1. A lined turbine shroud (1) comprising a shroud substrate whose inner surface (2) is lined with a layer (19) of ceramic material, characterised in that the inner surface (12) of the substrate is formed with an array of surface discontinuities (3), each including a steep edge (4), the ceramic layer (19) including a plurality of shadow gaps (22), each shadow gap (22) extending from a respective steep edge (4) through a substantial portion of the thickness of the ceramic layer (19).

2. A shroud as claimed in claim 1 characterised in that the discontinuities are in the form of an array of steps, (3) each step including a first face having a relatively small slope and a second face adjoining the first face at a corner (4A) and having an approximately vertical slope thereby constituting the steep edge (4), respective steps (3) being separated by an array of intersecting grooves (14) in the inner surface of the shroud.

3. A shroud as claimed in Claim 2 characterised in that each of the steps (3) is a slant-step.

4. A shroud as claimed in Claim 2 or Claim 3 characterised in that each of the shadow gaps (22) extends along the entire length of a corner of a step (3) or groove (14).

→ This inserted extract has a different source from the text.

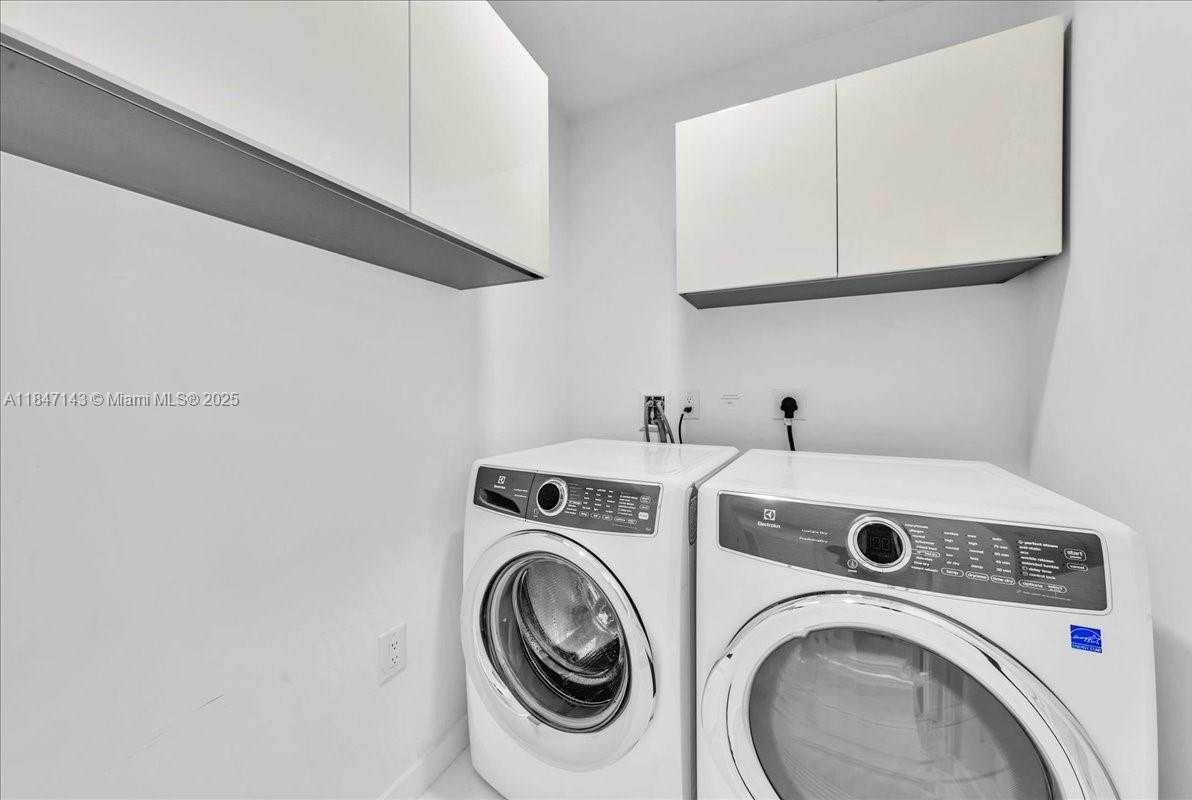 Small Image of 851 NORTH EAST 1ST AVE #3711, Miami Number 39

5. A shroud as claimed in any preceding claim characterised in that each of the shadow gaps (22) includes a region of loosely consolidated particles or ceramic material and/or a void region.

6. A shroud as claimed in any of Claims 2 to 5 characterised in that the shroud substrate has circular cross-sections and each of the grooves (14) lies in a separate plane intersecting an axis of the circular cross-sections.

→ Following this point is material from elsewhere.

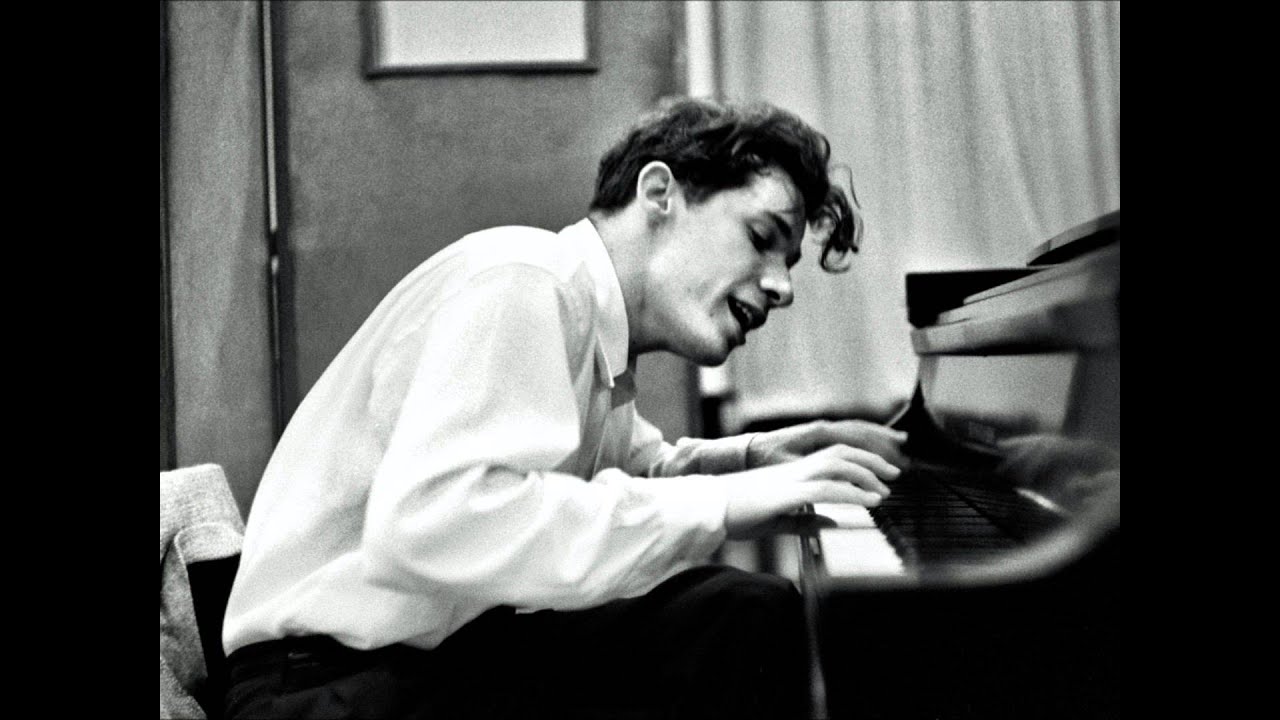 Glenn Gould plays Bach Partita No.2 in C-minor (FULL)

7. A shroud as claimed in preceding claim characterised by a bonding layer (8) attaching the ceramic layer to the substrate.

8. A shroud as claimed in any preceding claim characterised in that the ceramic material is zirconia.

9. A shroud as claimed in Claim 7 or Claim 8 characterised in that the bonding layer is composed of NiCrAlY.

10. A method of making a lined turbine shroud which comprises lining a substrate with a ceramic material characterised by forming on the inner surface (2) of the substrate an array of discontinuities including an array of intersecting grooves (14) separating an array of raised areas (3), each discontinuity including a steep edge (4), and preforming a line of sight deposition of the ceramic material uniformly on the inner surface at a spray angle (18) that prevents the ceramic material from being directly deposited on the steep edges (4) so that a plurality of shadow gaps (22) are formed in the ceramic layer (19) as it is deposited, each shadow gap (22) extending from a steep edge (4) through a substantial portion of the ceramic layer (19) and segmenting the ceramic layer (19).

11. A method as claimed in Claim 10 characterised by machining a major exposed surface of the ceramic layer (19) to provide a smooth inner ceramic surface (25).

12. A method as claimed in Claim 10 or Claim 11 characterised by applying a layer of bonding material (8) to the inner surface of the shroud substrate to coat each of the raised areas prior to depositing the ceramic material.

13. A method as claimed in any of Claims 10 to 12 characterised in that both the bonding layer (8) and the ceramic layer (19) are applied by plasma spraying.

14. A method as claimed in any of Claims 10 to 13 characterised by rotating a plurality of turbine blades (34) within the shroud to abrade a precisely predetermined amount of ceramic material from the ceramic layer (19) in order to produce a minimum precise clearance between the tips (40) of the turbine blades (34) and the ceramic layer (19).